**TASK:** Only one stretch of the data is wanted: the line containing "Conjunto de livros de Sveva Casati Modignani", the line containing "Køkkenstol Massiv bøgetræ", and every line between them, copied exactly.

Scraped caption text data
- Opening Delimiter -
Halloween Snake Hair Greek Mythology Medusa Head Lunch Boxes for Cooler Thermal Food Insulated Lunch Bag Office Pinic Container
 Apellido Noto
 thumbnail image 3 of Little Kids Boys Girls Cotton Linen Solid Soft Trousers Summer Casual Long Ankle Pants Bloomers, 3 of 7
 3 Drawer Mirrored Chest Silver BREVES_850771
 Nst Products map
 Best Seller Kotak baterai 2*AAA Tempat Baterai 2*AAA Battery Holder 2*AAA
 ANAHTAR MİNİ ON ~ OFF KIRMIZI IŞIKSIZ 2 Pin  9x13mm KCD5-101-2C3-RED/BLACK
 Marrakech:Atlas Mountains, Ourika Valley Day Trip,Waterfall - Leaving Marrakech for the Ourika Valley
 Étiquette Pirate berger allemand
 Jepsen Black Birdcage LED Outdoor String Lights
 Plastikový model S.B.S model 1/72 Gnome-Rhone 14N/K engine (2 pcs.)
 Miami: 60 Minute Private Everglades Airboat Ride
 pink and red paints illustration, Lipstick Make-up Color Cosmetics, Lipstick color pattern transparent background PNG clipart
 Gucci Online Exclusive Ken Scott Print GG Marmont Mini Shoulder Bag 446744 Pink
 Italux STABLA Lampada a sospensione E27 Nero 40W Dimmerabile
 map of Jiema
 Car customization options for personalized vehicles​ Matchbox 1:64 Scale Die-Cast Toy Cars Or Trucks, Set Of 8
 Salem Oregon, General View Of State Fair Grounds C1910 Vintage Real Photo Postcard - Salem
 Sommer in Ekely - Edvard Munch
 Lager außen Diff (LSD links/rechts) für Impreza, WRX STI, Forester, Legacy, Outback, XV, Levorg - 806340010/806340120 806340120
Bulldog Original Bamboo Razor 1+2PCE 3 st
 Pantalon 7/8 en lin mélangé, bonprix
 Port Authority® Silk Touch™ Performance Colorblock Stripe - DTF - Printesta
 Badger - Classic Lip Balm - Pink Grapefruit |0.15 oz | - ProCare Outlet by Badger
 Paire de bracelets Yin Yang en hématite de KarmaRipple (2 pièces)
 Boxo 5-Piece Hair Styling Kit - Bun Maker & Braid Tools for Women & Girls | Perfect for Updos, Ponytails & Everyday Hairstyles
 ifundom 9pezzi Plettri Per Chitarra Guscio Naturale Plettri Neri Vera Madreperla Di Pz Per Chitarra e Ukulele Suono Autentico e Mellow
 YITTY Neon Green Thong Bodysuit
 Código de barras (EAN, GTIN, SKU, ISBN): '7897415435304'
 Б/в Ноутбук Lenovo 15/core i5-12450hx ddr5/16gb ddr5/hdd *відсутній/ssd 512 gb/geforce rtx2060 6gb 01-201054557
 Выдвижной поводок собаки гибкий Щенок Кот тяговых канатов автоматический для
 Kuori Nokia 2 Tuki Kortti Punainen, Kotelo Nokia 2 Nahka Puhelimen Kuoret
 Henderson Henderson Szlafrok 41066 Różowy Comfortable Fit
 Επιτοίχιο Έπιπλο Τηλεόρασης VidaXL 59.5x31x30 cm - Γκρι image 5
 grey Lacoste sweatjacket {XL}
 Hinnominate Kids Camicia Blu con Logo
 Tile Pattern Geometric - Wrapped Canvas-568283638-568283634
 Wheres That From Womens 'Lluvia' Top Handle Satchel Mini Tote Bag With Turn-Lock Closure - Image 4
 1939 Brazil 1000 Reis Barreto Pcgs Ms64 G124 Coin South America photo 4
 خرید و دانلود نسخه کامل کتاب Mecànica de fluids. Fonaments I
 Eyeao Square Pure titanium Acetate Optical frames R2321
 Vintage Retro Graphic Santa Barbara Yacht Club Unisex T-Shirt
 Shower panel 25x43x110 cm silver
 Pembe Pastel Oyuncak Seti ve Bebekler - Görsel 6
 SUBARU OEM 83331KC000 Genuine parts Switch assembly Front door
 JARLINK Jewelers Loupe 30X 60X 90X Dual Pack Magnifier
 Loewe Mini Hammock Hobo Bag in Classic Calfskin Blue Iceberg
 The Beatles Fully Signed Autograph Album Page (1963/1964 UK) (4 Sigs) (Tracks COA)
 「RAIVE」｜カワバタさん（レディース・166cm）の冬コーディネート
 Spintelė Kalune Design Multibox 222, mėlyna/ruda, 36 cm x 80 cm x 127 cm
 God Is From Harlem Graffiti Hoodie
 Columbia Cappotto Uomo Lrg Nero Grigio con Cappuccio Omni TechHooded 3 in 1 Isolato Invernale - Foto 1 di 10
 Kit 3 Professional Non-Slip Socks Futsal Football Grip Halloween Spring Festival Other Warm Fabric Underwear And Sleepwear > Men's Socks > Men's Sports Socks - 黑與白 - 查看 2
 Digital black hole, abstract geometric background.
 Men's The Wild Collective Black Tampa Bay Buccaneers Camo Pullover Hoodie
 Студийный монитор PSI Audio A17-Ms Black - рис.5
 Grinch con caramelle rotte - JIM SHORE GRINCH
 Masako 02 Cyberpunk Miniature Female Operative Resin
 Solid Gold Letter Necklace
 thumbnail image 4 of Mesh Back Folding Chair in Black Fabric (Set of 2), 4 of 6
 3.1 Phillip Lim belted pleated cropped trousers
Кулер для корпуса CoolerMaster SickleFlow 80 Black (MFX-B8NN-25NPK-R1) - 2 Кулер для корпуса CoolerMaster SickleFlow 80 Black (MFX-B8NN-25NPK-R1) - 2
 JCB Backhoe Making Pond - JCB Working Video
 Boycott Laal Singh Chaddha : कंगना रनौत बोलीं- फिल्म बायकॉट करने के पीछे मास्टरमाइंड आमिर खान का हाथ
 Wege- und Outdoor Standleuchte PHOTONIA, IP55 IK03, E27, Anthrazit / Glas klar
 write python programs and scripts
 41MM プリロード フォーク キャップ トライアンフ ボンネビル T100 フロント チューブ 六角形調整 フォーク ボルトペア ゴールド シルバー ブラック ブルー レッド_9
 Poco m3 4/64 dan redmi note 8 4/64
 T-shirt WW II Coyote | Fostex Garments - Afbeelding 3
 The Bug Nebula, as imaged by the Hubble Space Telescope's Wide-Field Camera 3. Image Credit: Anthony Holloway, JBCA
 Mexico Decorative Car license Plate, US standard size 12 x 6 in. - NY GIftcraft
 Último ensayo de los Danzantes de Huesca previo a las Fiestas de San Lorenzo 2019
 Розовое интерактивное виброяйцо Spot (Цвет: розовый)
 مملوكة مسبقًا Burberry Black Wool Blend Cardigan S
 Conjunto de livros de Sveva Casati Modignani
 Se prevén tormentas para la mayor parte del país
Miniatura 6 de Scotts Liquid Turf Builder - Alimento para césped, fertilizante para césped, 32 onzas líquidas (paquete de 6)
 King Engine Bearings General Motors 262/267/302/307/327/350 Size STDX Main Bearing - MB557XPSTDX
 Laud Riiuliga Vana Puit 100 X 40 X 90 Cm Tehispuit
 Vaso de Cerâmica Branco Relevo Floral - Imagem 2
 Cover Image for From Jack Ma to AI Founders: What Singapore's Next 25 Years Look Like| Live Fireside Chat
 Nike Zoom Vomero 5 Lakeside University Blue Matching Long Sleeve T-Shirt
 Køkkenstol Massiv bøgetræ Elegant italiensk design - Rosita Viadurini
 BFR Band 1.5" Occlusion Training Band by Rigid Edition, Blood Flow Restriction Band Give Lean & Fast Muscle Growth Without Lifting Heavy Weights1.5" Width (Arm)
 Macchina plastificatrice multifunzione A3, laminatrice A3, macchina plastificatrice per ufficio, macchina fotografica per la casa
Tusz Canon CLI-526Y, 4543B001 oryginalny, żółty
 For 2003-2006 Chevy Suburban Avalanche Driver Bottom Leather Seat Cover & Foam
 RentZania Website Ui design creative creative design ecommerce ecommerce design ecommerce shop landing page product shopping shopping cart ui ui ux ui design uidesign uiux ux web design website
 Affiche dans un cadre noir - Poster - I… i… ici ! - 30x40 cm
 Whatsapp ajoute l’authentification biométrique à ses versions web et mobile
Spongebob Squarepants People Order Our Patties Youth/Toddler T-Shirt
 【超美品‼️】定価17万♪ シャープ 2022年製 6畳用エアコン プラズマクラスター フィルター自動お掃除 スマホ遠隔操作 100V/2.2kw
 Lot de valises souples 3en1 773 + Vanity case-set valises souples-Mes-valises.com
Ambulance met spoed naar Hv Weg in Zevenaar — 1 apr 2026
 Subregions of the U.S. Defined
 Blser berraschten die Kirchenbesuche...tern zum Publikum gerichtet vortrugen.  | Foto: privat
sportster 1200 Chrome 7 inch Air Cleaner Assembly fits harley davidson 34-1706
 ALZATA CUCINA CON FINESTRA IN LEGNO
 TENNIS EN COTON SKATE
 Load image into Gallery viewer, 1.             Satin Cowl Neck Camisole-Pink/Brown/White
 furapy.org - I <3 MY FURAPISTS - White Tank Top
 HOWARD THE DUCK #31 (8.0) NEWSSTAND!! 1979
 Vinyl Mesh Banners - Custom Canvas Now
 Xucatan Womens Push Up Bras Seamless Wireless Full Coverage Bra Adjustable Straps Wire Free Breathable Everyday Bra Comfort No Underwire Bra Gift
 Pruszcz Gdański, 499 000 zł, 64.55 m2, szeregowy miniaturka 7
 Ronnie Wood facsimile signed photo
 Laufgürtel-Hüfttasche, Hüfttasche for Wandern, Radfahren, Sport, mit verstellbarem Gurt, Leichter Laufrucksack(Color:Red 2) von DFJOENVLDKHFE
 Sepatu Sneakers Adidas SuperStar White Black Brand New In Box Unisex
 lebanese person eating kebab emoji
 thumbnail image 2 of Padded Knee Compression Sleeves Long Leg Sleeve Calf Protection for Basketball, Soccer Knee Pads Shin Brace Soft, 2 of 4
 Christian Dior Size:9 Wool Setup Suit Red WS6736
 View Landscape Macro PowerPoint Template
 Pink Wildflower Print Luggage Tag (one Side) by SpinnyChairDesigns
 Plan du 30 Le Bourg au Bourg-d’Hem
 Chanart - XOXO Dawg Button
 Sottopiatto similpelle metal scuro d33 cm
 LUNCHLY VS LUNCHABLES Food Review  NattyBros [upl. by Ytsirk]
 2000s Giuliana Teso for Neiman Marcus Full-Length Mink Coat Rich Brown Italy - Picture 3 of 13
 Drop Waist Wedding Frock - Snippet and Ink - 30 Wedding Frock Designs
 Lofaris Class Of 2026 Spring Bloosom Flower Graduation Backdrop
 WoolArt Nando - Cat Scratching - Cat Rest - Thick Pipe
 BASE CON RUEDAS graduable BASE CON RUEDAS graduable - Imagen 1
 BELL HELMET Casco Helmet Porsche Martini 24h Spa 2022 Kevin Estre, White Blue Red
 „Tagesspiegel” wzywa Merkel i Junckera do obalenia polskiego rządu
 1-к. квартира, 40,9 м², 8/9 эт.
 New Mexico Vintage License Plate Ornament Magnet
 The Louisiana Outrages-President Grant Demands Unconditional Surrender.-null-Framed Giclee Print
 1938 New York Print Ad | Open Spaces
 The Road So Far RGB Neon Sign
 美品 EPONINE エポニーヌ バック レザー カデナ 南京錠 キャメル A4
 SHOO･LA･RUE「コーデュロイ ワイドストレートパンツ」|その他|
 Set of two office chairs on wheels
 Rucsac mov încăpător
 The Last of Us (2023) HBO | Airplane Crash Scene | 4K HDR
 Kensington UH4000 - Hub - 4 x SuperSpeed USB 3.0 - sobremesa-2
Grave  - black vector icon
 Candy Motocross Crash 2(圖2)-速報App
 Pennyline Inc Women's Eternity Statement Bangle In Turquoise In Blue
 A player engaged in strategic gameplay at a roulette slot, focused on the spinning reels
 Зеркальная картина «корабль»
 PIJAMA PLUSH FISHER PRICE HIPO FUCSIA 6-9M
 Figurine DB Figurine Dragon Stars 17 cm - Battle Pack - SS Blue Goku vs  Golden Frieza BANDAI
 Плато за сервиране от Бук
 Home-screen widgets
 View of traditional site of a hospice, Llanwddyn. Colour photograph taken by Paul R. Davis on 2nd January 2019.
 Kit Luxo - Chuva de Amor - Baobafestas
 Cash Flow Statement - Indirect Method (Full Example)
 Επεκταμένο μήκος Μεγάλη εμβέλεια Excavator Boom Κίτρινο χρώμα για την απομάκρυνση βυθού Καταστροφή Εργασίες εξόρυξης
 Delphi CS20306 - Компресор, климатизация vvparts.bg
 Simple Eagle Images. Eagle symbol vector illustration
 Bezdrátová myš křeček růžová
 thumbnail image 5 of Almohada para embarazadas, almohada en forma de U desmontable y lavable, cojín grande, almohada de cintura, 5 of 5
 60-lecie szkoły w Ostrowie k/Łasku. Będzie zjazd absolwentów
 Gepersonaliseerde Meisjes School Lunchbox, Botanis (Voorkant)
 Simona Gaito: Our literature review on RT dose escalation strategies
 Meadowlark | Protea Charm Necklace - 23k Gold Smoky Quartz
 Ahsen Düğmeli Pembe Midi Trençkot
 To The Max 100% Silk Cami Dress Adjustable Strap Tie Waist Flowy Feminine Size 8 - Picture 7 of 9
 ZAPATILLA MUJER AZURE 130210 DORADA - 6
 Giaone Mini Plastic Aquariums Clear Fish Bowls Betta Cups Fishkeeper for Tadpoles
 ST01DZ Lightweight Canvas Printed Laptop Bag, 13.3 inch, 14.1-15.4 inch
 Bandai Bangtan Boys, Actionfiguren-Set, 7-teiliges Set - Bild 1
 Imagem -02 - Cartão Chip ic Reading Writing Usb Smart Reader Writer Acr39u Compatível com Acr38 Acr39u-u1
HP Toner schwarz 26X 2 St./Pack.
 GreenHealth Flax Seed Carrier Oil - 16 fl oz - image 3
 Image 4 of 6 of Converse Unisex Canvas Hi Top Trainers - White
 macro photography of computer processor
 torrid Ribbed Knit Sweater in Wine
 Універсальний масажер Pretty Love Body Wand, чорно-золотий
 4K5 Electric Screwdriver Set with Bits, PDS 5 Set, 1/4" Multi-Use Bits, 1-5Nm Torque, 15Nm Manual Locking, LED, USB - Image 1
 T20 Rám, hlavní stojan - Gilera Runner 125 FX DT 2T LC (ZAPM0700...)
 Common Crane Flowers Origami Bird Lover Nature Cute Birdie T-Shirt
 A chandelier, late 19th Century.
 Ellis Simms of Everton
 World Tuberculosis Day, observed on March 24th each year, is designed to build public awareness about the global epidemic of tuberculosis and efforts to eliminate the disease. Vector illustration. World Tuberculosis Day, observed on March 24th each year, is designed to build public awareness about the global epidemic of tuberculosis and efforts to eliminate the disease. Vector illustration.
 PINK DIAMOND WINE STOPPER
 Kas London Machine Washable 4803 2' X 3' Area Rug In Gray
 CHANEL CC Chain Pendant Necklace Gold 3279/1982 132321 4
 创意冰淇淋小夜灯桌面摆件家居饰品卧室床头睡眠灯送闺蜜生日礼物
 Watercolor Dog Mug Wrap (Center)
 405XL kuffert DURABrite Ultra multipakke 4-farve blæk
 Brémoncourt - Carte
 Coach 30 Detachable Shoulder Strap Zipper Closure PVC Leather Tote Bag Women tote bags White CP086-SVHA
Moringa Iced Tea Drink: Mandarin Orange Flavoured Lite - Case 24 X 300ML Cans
- Closing Delimiter -
**EXERCISE ANSWER:**
 Conjunto de livros de Sveva Casati Modignani
 Se prevén tormentas para la mayor parte del país
Miniatura 6 de Scotts Liquid Turf Builder - Alimento para césped, fertilizante para césped, 32 onzas líquidas (paquete de 6)
 King Engine Bearings General Motors 262/267/302/307/327/350 Size STDX Main Bearing - MB557XPSTDX
 Laud Riiuliga Vana Puit 100 X 40 X 90 Cm Tehispuit
 Vaso de Cerâmica Branco Relevo Floral - Imagem 2
 Cover Image for From Jack Ma to AI Founders: What Singapore's Next 25 Years Look Like| Live Fireside Chat
 Nike Zoom Vomero 5 Lakeside University Blue Matching Long Sleeve T-Shirt
 Køkkenstol Massiv bøgetræ Elegant italiensk design - Rosita Viadurini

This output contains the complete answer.